Quoted Values and Tokenization


The lexer transforms raw user input into semantic tokens before parsing starts. Understanding this lexical layer is essential when values include spaces, punctuation, or apostrophes.

If a value must remain one atomic unit across spaces or significant punctuation, quote it.

Token categories

A compliant lexer distinguishes four functional categories:

  • WORD for ordinary non-whitespace sequences that do not hit a recognized delimiter.
  • STRING for values enclosed in single quotes.
  • DELIMITER for recognized punctuation and operator tokens.
  • EOF for the synthetic end-of-input marker appended by the lexer.

Whitespace rules

Whitespace separates tokens, but it has no standalone semantic meaning outside quoted strings. Spaces, tabs, and newlines matter only insofar as they influence token boundaries.

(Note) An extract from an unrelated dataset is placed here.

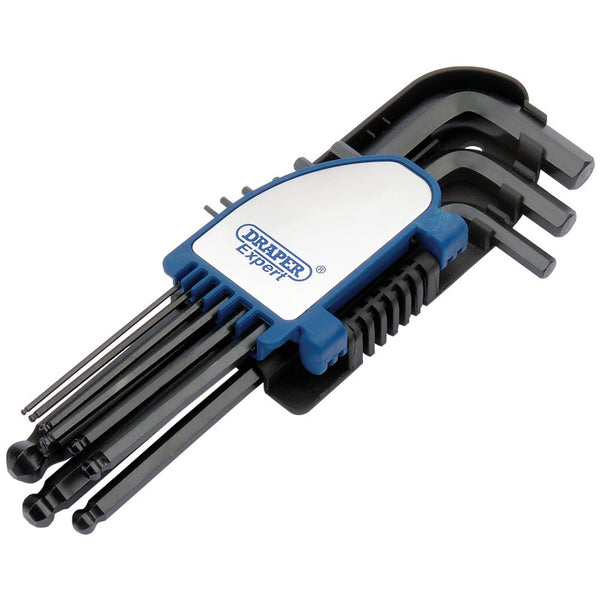 Metric Hexagon and Ball End Hexagon Key Set (9 Piece)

Inside a quoted string, whitespace is preserved as part of the semantic value.

Quoted values

A quoted value is written with single quotes. The outer quotes are not part of the bound semantic value.

'hello world'
'db-backup'
'March 2026 maintenance window'

Quoted values are especially important when a domain value contains spaces, punctuation, or delimiter characters that would otherwise be split into multiple tokens.

Escaped apostrophes

Inside a quoted string, a doubled apostrophe represents one literal apostrophe in the semantic value.

'O''Reilly'

The bound semantic value is O'Reilly.

Delimiters and atomicity

Delimiters such as ., ,, ;, :, (, ), and ... are recognized by the lexer outside quoted strings. Inside a quoted string, they remain ordinary content.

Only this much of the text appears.